Percebe que, por mais que tentasse praticar sem ajuda especializada, você nunca conseguiria ter essas mesmas habilidades que um neurotípico - e está tudo bem assim.

Passa a se aceitar por completo do jeito que é, com suas diferenças neurais, comportamentais, sensoriais etc. que não devem ser suprimidas, mas sim respeitadas pelas outras pessoas.

Conclusão

Agora que você tem conhecimento de que é autista, está enfim redimido de toda aquela angústia de não entender por que tem sofrido tanto com discriminação, hostilização, repreensões, exclusão social e inadaptação aos ambientes aonde você tem ido.

Hoje você entende melhor a si mesmo e pode se aceitar plenamente.
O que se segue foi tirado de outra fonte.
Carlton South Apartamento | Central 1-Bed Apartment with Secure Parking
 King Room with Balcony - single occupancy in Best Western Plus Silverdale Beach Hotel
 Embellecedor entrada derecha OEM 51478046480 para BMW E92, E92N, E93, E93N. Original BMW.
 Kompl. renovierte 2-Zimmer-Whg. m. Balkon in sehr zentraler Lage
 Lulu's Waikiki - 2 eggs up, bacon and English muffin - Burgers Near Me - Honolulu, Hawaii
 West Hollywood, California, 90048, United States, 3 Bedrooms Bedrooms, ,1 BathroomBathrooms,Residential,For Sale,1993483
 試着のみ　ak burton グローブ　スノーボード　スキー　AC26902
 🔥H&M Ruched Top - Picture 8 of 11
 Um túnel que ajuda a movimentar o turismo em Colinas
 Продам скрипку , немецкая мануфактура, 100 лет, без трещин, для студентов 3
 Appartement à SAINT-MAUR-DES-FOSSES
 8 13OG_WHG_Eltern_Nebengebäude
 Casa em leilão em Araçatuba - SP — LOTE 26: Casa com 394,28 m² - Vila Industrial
Pode viver com um pouco mais de paz e muito mais amor próprio e combater o que você hoje sabe que tem lhe trazido tanta infelicidade ao longo da vida.

Diante de todos esses fatos, eu me sinto seguro em dizer: descobrir que é autista foi uma das melhores e mais libertadoras coisas que já aconteceram na sua vida.

E o melhor: isso lhe trará, no futuro, uma segunda libertação: a do capacitismo, que, à medida que você luta juntamente com o restante da comunidade autista, irá diminuir gradualmente e dar lugar à aceitação do autismo e à inclusão social.

Pois eu fecho este artigo lhe dizendo: parabéns! Feliz autodescoberta do autismo!